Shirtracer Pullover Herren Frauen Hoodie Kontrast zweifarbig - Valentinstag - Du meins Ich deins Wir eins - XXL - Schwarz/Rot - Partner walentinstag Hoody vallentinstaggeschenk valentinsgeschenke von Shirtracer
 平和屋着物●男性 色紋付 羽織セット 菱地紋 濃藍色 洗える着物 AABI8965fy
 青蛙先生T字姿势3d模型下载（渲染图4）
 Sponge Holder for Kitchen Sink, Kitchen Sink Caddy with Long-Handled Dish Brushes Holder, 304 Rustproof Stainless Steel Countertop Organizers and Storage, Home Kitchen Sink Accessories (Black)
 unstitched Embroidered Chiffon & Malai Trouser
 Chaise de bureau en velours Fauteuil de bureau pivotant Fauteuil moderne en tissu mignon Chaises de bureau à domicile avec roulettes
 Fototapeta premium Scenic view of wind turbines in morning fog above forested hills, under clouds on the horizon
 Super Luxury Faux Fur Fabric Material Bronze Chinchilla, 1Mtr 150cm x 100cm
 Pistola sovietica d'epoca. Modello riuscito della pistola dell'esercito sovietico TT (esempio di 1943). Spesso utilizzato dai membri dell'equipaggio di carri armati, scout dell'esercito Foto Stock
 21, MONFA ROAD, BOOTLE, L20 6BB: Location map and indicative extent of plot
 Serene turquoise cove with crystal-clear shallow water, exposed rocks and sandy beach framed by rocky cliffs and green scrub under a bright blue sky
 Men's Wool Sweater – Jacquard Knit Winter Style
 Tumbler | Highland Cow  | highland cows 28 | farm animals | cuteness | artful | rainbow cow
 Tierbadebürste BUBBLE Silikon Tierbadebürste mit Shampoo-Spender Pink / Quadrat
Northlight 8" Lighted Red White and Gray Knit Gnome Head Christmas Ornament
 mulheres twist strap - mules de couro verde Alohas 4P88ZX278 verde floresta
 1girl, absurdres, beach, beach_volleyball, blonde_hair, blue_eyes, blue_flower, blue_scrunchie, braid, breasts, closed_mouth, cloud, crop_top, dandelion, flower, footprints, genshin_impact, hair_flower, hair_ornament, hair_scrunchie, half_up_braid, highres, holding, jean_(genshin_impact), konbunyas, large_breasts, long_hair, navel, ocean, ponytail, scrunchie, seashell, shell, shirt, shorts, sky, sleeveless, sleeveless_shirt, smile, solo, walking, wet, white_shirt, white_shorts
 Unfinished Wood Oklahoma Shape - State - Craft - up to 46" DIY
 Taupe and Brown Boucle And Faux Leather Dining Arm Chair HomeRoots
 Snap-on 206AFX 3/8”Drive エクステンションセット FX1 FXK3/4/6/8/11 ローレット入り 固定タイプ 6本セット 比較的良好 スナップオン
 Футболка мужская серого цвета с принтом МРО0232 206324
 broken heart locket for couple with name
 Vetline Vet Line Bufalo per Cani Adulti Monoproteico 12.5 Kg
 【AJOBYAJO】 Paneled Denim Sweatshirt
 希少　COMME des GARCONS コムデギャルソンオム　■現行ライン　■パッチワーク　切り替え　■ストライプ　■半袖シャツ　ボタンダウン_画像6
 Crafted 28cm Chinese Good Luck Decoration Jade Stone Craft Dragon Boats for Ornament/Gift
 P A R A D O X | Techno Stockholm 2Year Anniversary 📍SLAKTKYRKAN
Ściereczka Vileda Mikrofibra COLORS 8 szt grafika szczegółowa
※ ※ ※
ASSIGNMENT –
Whenever a line of the records holds the string "Knit", pick it out and copy it.

EXERCISE ANSWER –
 Men's Wool Sweater – Jacquard Knit Winter Style
Northlight 8" Lighted Red White and Gray Knit Gnome Head Christmas Ornament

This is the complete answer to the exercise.